Sermon Text...
June 23, 2024 Hamilton Coe Throckmorton
II Corinthians 6:1-13 The Federated Church, UCC
Time to go. Time’s up. Time for the party. Bedtime. Time for a haircut. Time to go the hygienist. Time for the cake to come out of the oven. Time for school. Time for work. Time for fireworks. Time for the game. Time to go shopping. Time for church.
Time is an ever-present factor in our lives. I set my alarm for a certain time or show up for appointments at a particular hour. You follow your own schedules about when you’ll visit your friends or start dinner preparations. Mary and I have a son who used to run track events in college, and I would regularly time his events until I realized I could never be as precise as the electronic timing systems that posted the race results. Many years ago, I had a stop-watch and at what must have been a particularly dull point in my life, I used to see how quickly I could push stop after I had started it. I tried this the other day on the stopwatch on my phone, and found that the fastest I could stop it after I had started it was .08 of a second. And no, my life has not gotten that dull again!
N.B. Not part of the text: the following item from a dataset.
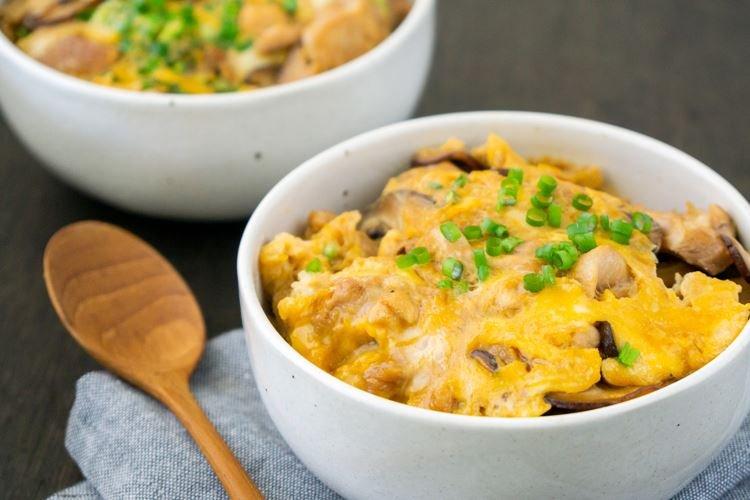 Oyakodon - De quoi cuisiner pour un petit déjeuner rapide et savoureux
Time is a part of work—is it quitting time yet? We time our sports. Young musicians use metronomes—and maybe older ones, as well—so they can learn to keep a steady beat. Medical and legal and business appointments are for a particular time. Some of us are habitually early, some are chronically late, and others are pretty much on time.
And all of this is the way we tend to think about time. The Greek word for it is chronos. It’s the sort of time we keep with clocks. It’s the word from which we get our words “chronology” and “chronological.” Chronos is what ticks away at steady intervals. It’s what measures the runner or the TV show or the baking cookies. It’s what orders our days.
The Greek language also has another word for time, though, and that’s kairos. It’s a word with no equivalent in English. It’s the time, though, that’s the most important time. We may measure our days with chronos, but we measure our lives with kairos. Chronos is the routine of the regular appointments, the morning coffee, the endless diaper changing, the nonstop laundry, the daily dinner preparation, the logging on at work.
Kairos is something entirely different. It’s the word the apostle Paul uses in the pleading tone of his second letter to the Corinthians. “Look,” he says to them, “now is the acceptable time [kairos]; look, now is the day of salvation!” (6:2). Paul has a somewhat fraught relationship with the Corinthians. They’ve had strenuous disagreements. They have, in many ways, been at each other’s throats, with abundant tears and anger. And in an outburst of intensity, Paul virtually begs them to pay attention to one thing: “Look, now is the acceptable time; look, now is the day of salvation!”—or “now is the day of wholeness,” which is what the Greek word means at its root. This is the time. This is the moment. This is the day of wholeness. This. Right now. This is the kairos.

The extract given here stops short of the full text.